Si Maurice accueille les éliminatoires de la BAL, Leslie Chérubin pourrait faire partie des arbitres nominés pour officier au cours de la compétition

La Fédération mauricienne de basket-ball (FMBB) se positionne-t-elle pour l’organisation de la prochaine phase éliminatoire de la Basketball Africa League (BAL) ? La question se pose, alors que la saison régulière de cette compétition démarre d’ici quelques semaines.
En fait, la rumeur veut que ce soit Madagascar qui organisera, comme l’année dernière en février et en octobre, la phase éliminatoire de cette compétition. Mais cette décision n’a pas encore été entérinée par la Zone 7 et son président, le Malgache Abel Ntsay. « Nous attendons la prochaine réunion de la Zone pour en décider », dit Hedley Han, président de la FMBB.

Mais avant cela, il faudra l’aval du comité directeur de la FMBB, qui devra accepter d’organiser un tel chantier. « C’est dans l’air du temps. Mais il faut d’abord que le comité directeur donne son accord pour que nous soyons candidats. »

Quelles sont les chances de Maurice de tenir une telle compétition, sachant les implications financières ? « C’est ce qu’il faut discuter à la base. La FIBA Afrique présente un cahier de charges que les fédérations organisatrices doivent respecter », indique encore le président de la FMBB.

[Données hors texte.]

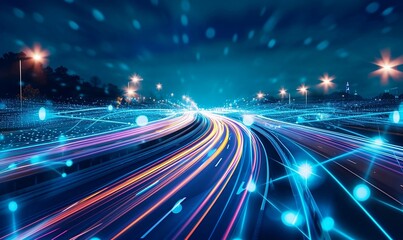Night traffic light lines of cars in motion on a city highway with technology light effect with background blur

Donc, Maurice pourrait, en cas d’organisation, se retrouver avec une compétition majeure sur les bras. D’autant que ce sont les meilleures équipes de la Zone qui y sont conviées. L’année dernière, la salle de Mahamas, à Antananarive, a accueilli le Groupe F, avec des équipes venant du Soudan du Sud (Cobra Sports), du Kenya (Kenya Ports Authority), des Seychelles (Beau Vallon Heat), de Madagascar (GNBC) et des Comores (Usoni Basket).
Seuls les Mahebourg Flippers, représentants de Maurice, n’avaient pu faire le déplacement, faute d’argent. Mais au cas où Maurice accueille le rendez-vous de la Zone 7, ce problème de représentant ne se poserait plus.

D’ailleurs, Cobra Sport et KPA ne devaient pas figurer, à l’origine, dans le programme. Mais ces deux équipes, issues de la zone 4, ont été reversées dans la Zone 7, qui comportait un nombre restreint de formations.

En février dernier, le plateau a accueilli les Égyptiens de Smouha SC, les Congolais du TP Mazembé, les Malgaches de COSPN et les Angolais de Petro de Luanda. Autant dire que le niveau est définitivement au rendez-vous pour cette compétition.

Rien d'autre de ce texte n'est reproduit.